While still a relatively new stock-in-trade, the web's increasing commercial clout, combined with belated recognition of the search engine as the online world's most critical tool, are together making SEO one of the fastest growing new niches in the internet economy.

A glance at the figures explains why. A medium-sized company might spend tens of thousands of pounds developing and maintaining a professionally-designed site filled with useful content and maybe even online sales capability.

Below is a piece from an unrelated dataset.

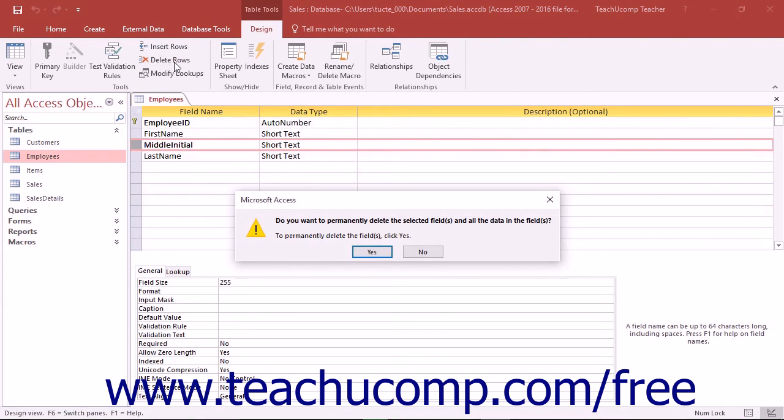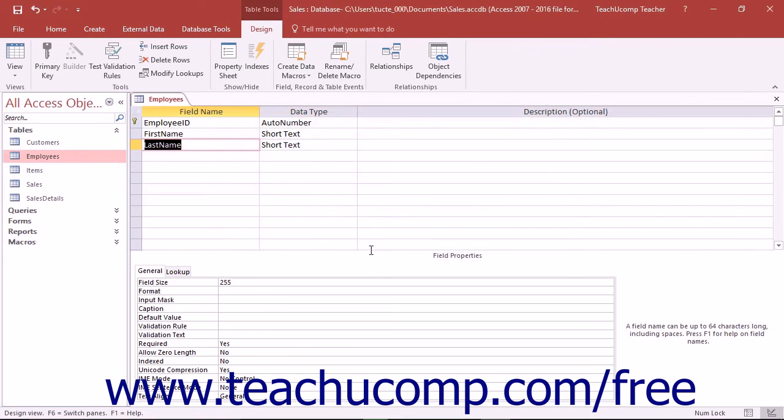To finish deleting the field and its data, click the Yes button. You can click the No button to cancel deleting the field if needed. Then click the Save button in the Quick Access Toolbar to save your structural modifications.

But studies reveal that the vast majority of commercial sites actually damage their own chances of being found by the Big Six search engines - Yahoo, Google, MSN, AOL, Lycos and AltaVista - through a simple lack of understanding of what the search engine "spiders" that trawl the web are looking for.

Popular animated gizmos based on products like JavaScript or Flash, for example, are to all intents and purposes invisible to search engine crawlers. So are Active Server Pages, JavaServer pages, elements contained within frames, and pages that enforce acceptance of cookies - the hidden files sent by web servers to individual PCs that are used by websites to identify users.

Yet a study recently commissioned by iProspect, a US-based SEO pioneer, shows that 97 per cent of websites belonging to Fortune 100 companies routinely employ one or more of these technologies. Even more surprising, 50 per cent of the keywords nominated by the companies as online "signposts" to their sites failed to win that company a significant ranking on the major engines.

With around 80 per cent of the web's estimated 430m users routinely relying on one of the top search engines to find the information they want, that is a lot of lost leads for any company intent on taking its web presence seriously. "An extraordinary number of multi-million dollar sites are literally dead on arrival for the major engines," says Frederick Marckini, iProspect's chief executive and the author of three best-selling books on search engine positioning.

"To effectively optimise your site, it is important to understand that search engines essentially do two basic things: index text and follow links. If your site doesn't contain these, you've just made yourself invisible," he says.

Virtually alone in the field when it was founded back in 1996, iProspect has built a solid business raising the online profile of clients such as 3M, Sharp Electronics and John Deere. Now, the company is being joined by a growing band of SEO specialists around the world eager to exploit what many believe to be not only one of the internet's best opportunities, but a must-have service for just about any company.

In Europe, the market already boasts a handful of dedicated SEO professionals, including Sticky Eyes, NetBooster, Search Engineers and Web Gravity, along with an increasing number of tech-savvy PR and advertising agencies, such as Brodeur Worldwide, which has recently added SEO to its list of client services.

All agree that the key to achieving high search rankings lies in the effective use of meta-data (invisible tags contained within a site's HTML script that provide information on content), along with a thorough understanding of the real-life words and phrases surfers actually use to find information, and simplicity of coding and design.